No matter what season, a camping hammock is ready to be in full swing! Hanging a hammock outdoors is sure to lift your spirits and quicken a sense of adventure.
Whether you plan on hanging around in your backyard, or on top of a mountain, it is essential that you know the best way to hang a hammock.
How To Tie A Hammock Around A Tree
Different suspension methods have been used over the years, and as we have gained more knowledge about what works and what doesn’t.
We have applied that knowledge to developing the best way to get a great hang.
There are several hardware suspensions that you can use when setting up a hammock for camping which includes lengths of chain, j-hook wall anchors and large s-hooks.
These methods, such as screwing an anchor directly into the tree greatly limit your mobility as you are tethered to one particular set of trees.
While your ability to be mobile might be a consideration, the far greater consideration is that this will damage the trees that you use them on.
Using A Rope
However, you choose to tie your hammock to a tree, using a rope or corded nylon can cause irreparable damage to the tree.
At Everest Active Gear, we believe in leaving no trace whenever possible. Working with nature, not against nature is part of the thought process whenever and wherever you are in the out of doors.
For many years, the traditional way of hanging a hammock was to use a rope. At that time, it made sense and was a handy and favored way to make a secure connection.
However, with knowledge comes responsibility. When you know better, you do better.
We now know better than to use an uncovered rope or nylon cord around a tree.
Ropes cause friction that damages the bark on a tree. Bark performs a function for the tree much like your skin does for your body.
Bark prevents disease and insects from getting into the tree itself. Besides protecting a tree, there is a vascular system that lies beneath the bark. This system carries nutrients and moisture from the roots to the branches and leaves.
Ropes can constrict the tree and kill it. Ropes can also embed themselves into the bark of a tree.
An uncovered rope can rub through the bark of a tree. Once a tree has sustained a friction rub that covers over 50% of the circumference of the tree, the tree will not survive.
It is as easy as putting a covering over a rope that prevents the rope from making direct contact with the tree.
If you are hanging a hammock in your own backyard, you could use an old garden hose and cut the appropriate length. Just thread the rope through the hose.
When tying to the tree, just make sure that the covered part of the rope is what lies against the tree.
If you choose to use a rope when you are hammock camping, there are friction guards that can be purchased for rope or nylon cord and can help to not damage the bark on a tree.
Using Tree Straps
Using straps to hang your hammock is the best-recommended suspension method to use on trees.
These straps are made from flat webbing and do not cause bark abrasion.
If you are hanging a hammock in your backyard, you can adjust the straps as the tree grows.
Hammock straps are lightweight and extremely strong and durable. With a strap, you don’t need to know how to tie a knot and will not stretch.
Using straps will take less than two minutes to have your hammock secured between two trees and you take a break in the great outdoors!
Do hammocks hurt the trees?
Yes, when the suspension system is not tree-friendly or not set up correctly, hammocks can hurt trees.

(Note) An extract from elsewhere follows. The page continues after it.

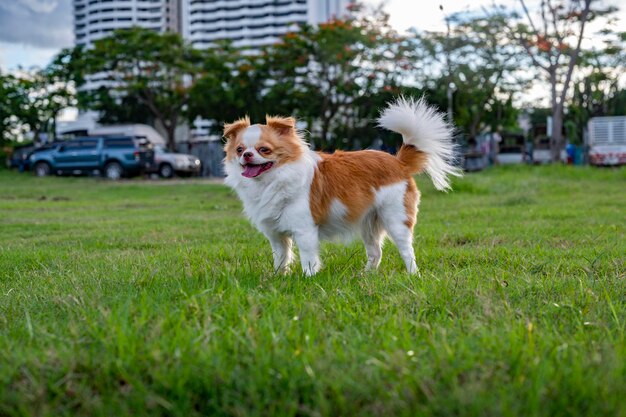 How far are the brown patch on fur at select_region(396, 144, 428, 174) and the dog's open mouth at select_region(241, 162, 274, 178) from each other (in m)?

It is best to practice the "Leave No Trace" camping even if you are setting it up in your backyard.
Do hammocks need anchor points?
Anchor points are a vital part of the suspension system. It is where you will securely fasten your hammock. You can use a variety of suspension systems, including ropes and webbing straps.
What is a tree’s bark?
The visible tissue of the tree is called the bark. Commonly tree barks are unique in structure and appearance; in fact, most trees can be identified by the characteristics of their bark.
Do hammock straps leave marks on trees?
Yes, when the suspension system is not tree-friendly or not set up correctly, hammocks can leave a mark or two on trees. Hammock straps made out of soft webbing minimizes girdling and damage to the bark and cambium layer.
What types of trees can be used for hammocks?
Palm, maple, oak, and beech trees are ideal in setting up your hammock. Avoid trees with softwood, such as fruit trees and evergreens, and look out for any signs of disease.